Those standing orders lay down the procedure to be adopted in case of an equality of votes in connexion with the election of a President. Now, the Senate has been engaged for something like a week upon the consideration of the question of the selection of a site for the Federal Capital. I consider that it is the duty of the President, as far as he “can, to see that the time that has been given to the question is not wasted. It is always desirable when any question is submitted to the Senate, to obtain a decision if that be possible. So far as concerns an ordinary motion for the second reading of a Bill, or affirming any particular proposition, it is laid down by Statute what rule we shall follow. But that rule does not apply to a case like the present. In these circumstances, we should rather be guided by our own Standing Orders, which, in the case of an equality of votes for an election to the position of President, contemplate certain procedure. Proceeding a step further, I point out the procedure that was adopted in the other Chamber. Possibly I am open to blame for not having adopted that procedure here in the first instance. But to have done so would have occupied a good deal of time that might otherwise have been saved. I find that when the first ballot was taken in another place, one site, Lake George, received no votes whatever. Mr. Speaker said -
As a vote has not been recorded for the Lake George site, that name will not appear on the next series of voting papers.
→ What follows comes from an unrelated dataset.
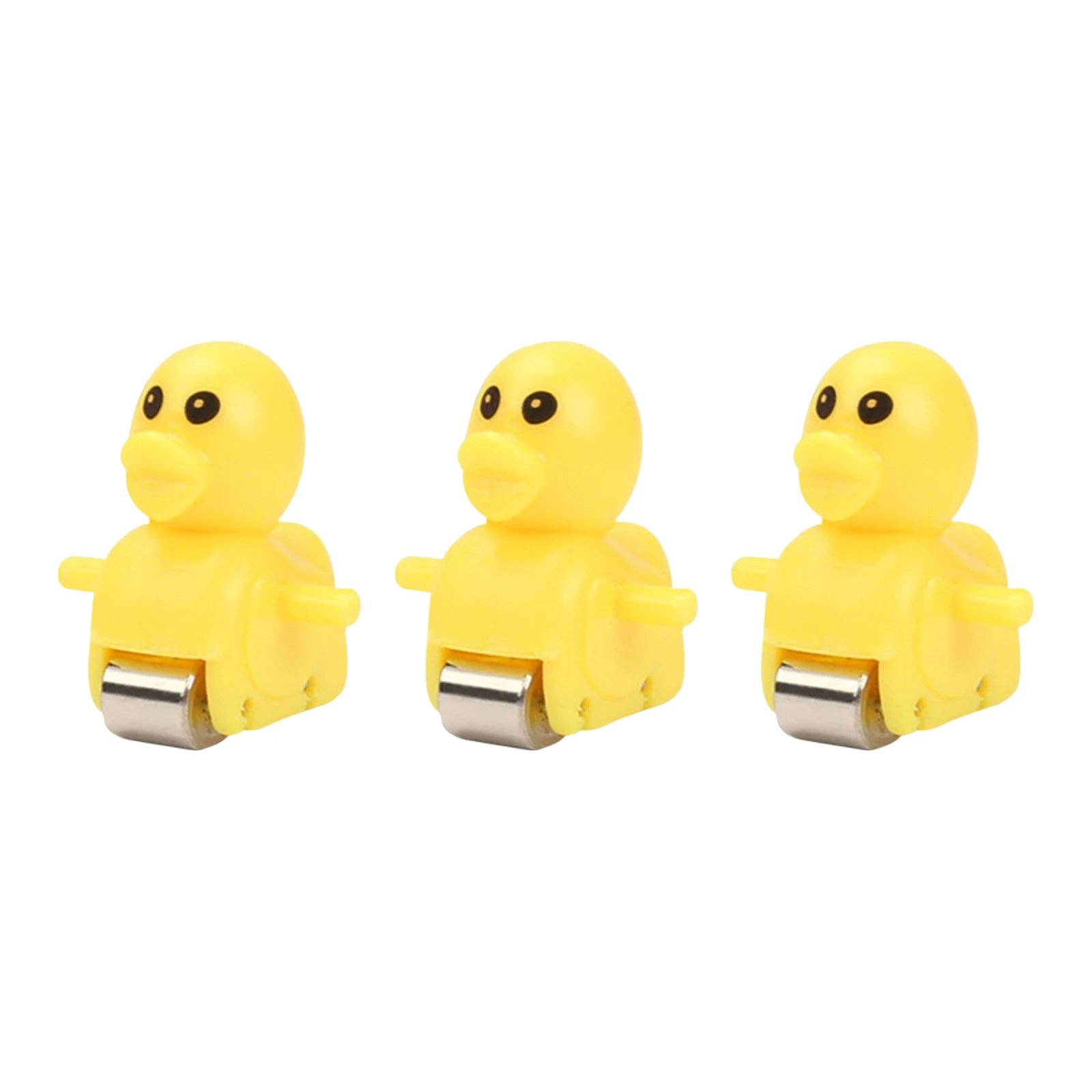 3pcs Duck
Dr. Carty Salmon then observed
I would point out that if the name of the Lake George site alone disappears from the next series of voting papers the second ballot will give the same result as that just taken.
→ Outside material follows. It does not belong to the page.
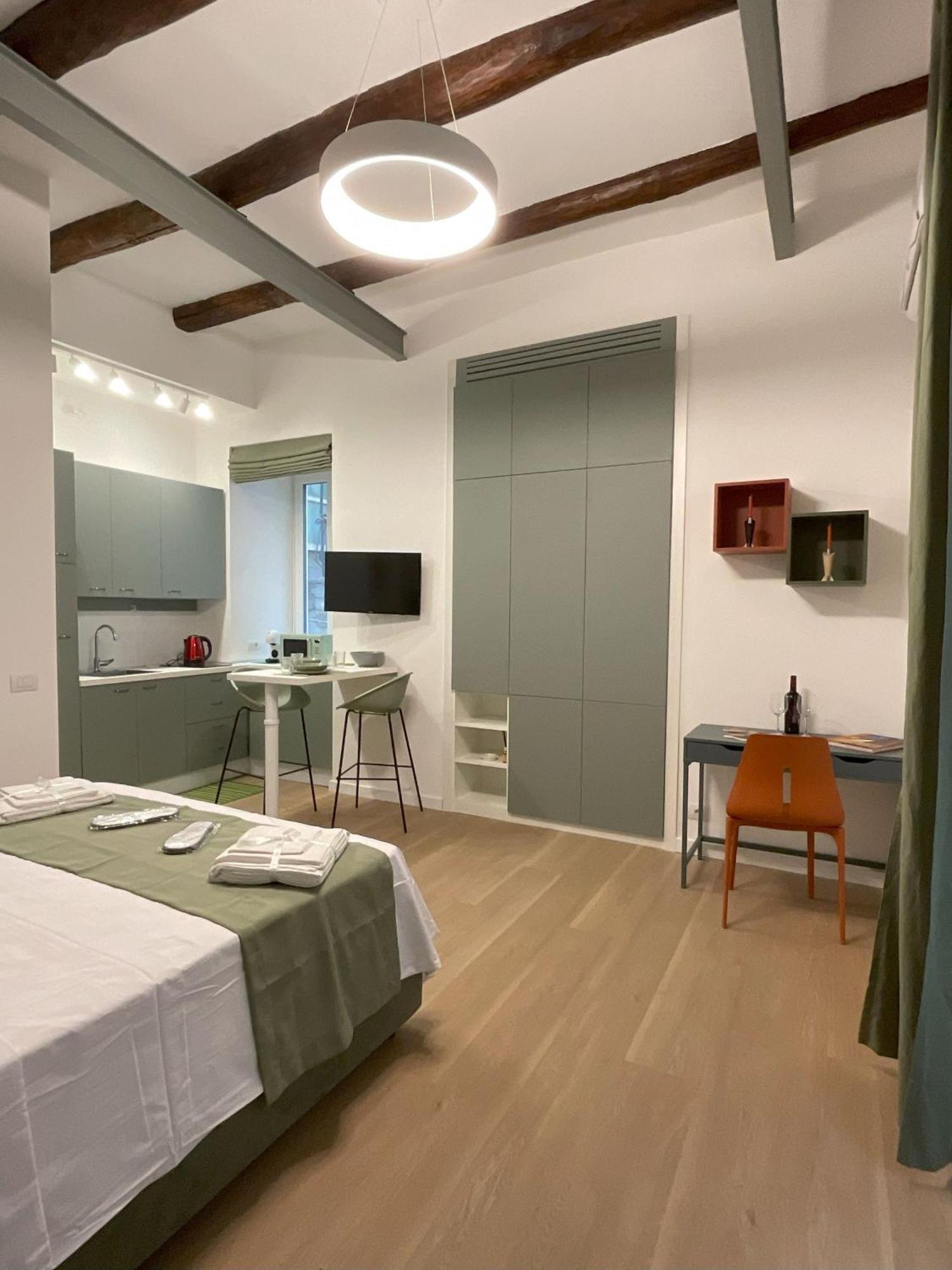 Sansepolcro33 Apartment Naples Exterior photo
– I am afraid that that may be so; but the House, having resolved that the name of only the lowest site shall be struck out after each ballot, I have no option but to direct a second ballot, in which all the sites but Lake George will be voted on.
That was done, and Mr. Speaker mentioned that -
In the 1903 ballot two of the sites failed to obtain a vote on the first selection, and the House then proceeded to a second ballot, although, as now, it might have been supposed that the voting on the remaining sites would be the same.
A second ballot having to be taken, Mr. Speaker pointed out that no votes were given for Albury and Orange, and he observed -
As there are two names lowest on the list, I shall put them to the House in alphabetical order.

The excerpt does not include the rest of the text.